_EXERCISE INSTRUCTIONS_
Every entry, from first to last, is to be retyped without any alteration.

(Crawled caption data)
BEGIN

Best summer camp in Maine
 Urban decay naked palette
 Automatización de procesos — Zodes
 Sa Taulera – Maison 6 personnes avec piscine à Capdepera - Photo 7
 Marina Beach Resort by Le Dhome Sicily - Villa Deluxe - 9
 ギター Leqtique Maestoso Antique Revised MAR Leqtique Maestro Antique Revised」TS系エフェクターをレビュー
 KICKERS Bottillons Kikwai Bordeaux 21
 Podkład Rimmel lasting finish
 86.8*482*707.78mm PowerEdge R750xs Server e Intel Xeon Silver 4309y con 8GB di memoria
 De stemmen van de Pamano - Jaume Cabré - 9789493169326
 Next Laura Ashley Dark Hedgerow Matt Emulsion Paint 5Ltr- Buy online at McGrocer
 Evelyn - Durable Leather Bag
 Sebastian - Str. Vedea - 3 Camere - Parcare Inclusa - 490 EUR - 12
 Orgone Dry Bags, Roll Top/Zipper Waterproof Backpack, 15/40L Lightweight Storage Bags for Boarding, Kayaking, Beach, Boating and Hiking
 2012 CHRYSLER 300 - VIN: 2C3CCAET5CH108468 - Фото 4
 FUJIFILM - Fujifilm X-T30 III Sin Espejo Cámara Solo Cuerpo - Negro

END

_EXERCISE SOLUTION_
Best summer camp in Maine
 Urban decay naked palette
 Automatización de procesos — Zodes
 Sa Taulera – Maison 6 personnes avec piscine à Capdepera - Photo 7
 Marina Beach Resort by Le Dhome Sicily - Villa Deluxe - 9
 ギター Leqtique Maestoso Antique Revised MAR Leqtique Maestro Antique Revised」TS系エフェクターをレビュー
 KICKERS Bottillons Kikwai Bordeaux 21
 Podkład Rimmel lasting finish
 86.8*482*707.78mm PowerEdge R750xs Server e Intel Xeon Silver 4309y con 8GB di memoria
 De stemmen van de Pamano - Jaume Cabré - 9789493169326
 Next Laura Ashley Dark Hedgerow Matt Emulsion Paint 5Ltr- Buy online at McGrocer
 Evelyn - Durable Leather Bag
 Sebastian - Str. Vedea - 3 Camere - Parcare Inclusa - 490 EUR - 12
 Orgone Dry Bags, Roll Top/Zipper Waterproof Backpack, 15/40L Lightweight Storage Bags for Boarding, Kayaking, Beach, Boating and Hiking
 2012 CHRYSLER 300 - VIN: 2C3CCAET5CH108468 - Фото 4
 FUJIFILM - Fujifilm X-T30 III Sin Espejo Cámara Solo Cuerpo - Negro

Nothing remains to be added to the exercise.